* **Recorded data**
####################

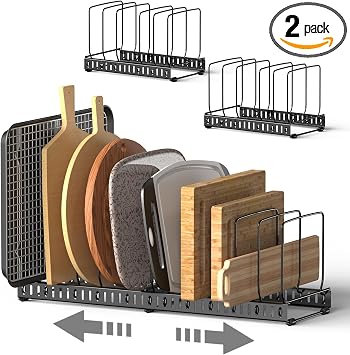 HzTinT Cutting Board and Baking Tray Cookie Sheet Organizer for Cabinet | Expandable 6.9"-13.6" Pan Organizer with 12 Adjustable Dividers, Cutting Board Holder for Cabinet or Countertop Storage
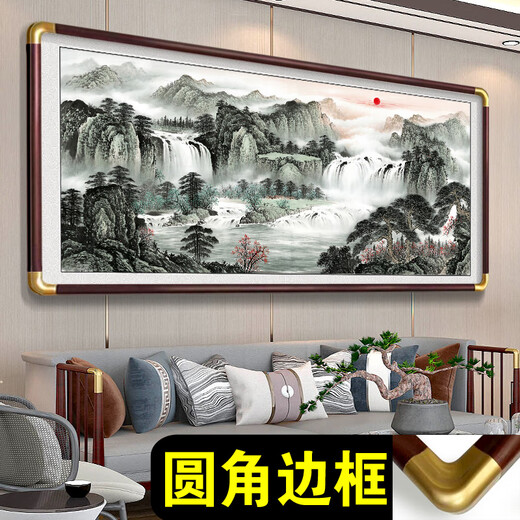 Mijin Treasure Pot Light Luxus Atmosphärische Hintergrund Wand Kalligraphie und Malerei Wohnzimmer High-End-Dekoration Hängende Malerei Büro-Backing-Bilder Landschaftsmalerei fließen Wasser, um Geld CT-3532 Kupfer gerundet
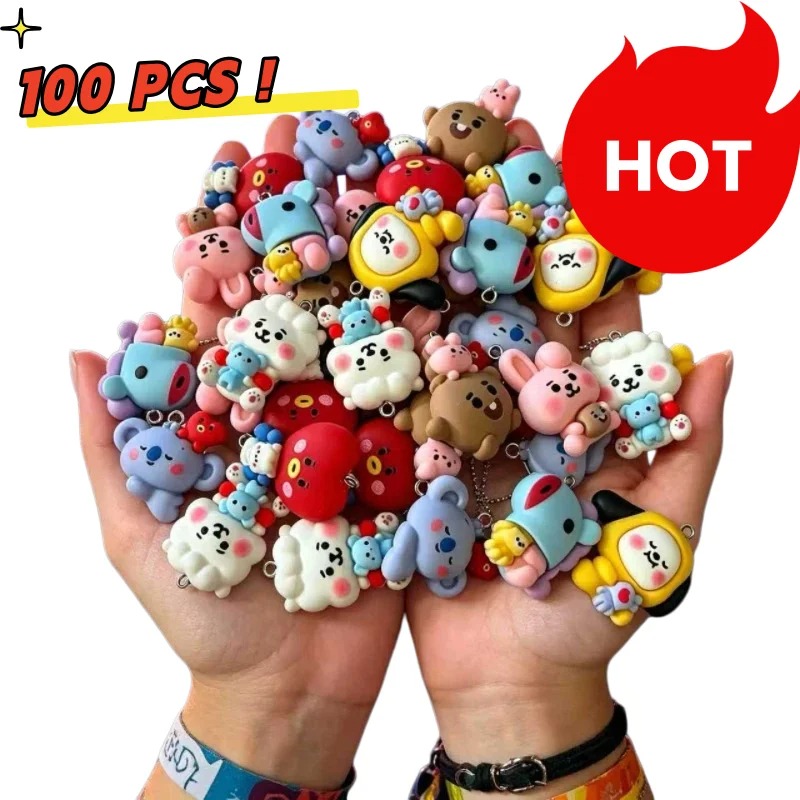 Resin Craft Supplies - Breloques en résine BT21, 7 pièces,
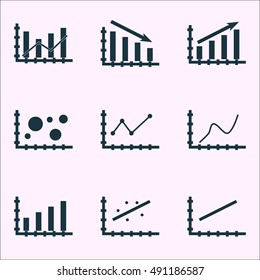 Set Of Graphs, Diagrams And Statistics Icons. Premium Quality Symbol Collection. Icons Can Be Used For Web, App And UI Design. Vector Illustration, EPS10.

####################

* **Exercise objective**
In transcribing the lines above, omit the images and keep all else exact.

* **Written response**
 HzTinT Cutting Board and Baking Tray Cookie Sheet Organizer for Cabinet | Expandable 6.9"-13.6" Pan Organizer with 12 Adjustable Dividers, Cutting Board Holder for Cabinet or Countertop Storage
 Mijin Treasure Pot Light Luxus Atmosphärische Hintergrund Wand Kalligraphie und Malerei Wohnzimmer High-End-Dekoration Hängende Malerei Büro-Backing-Bilder Landschaftsmalerei fließen Wasser, um Geld CT-3532 Kupfer gerundet
 Resin Craft Supplies - Breloques en résine BT21, 7 pièces,
 Set Of Graphs, Diagrams And Statistics Icons. Premium Quality Symbol Collection. Icons Can Be Used For Web, App And UI Design. Vector Illustration, EPS10.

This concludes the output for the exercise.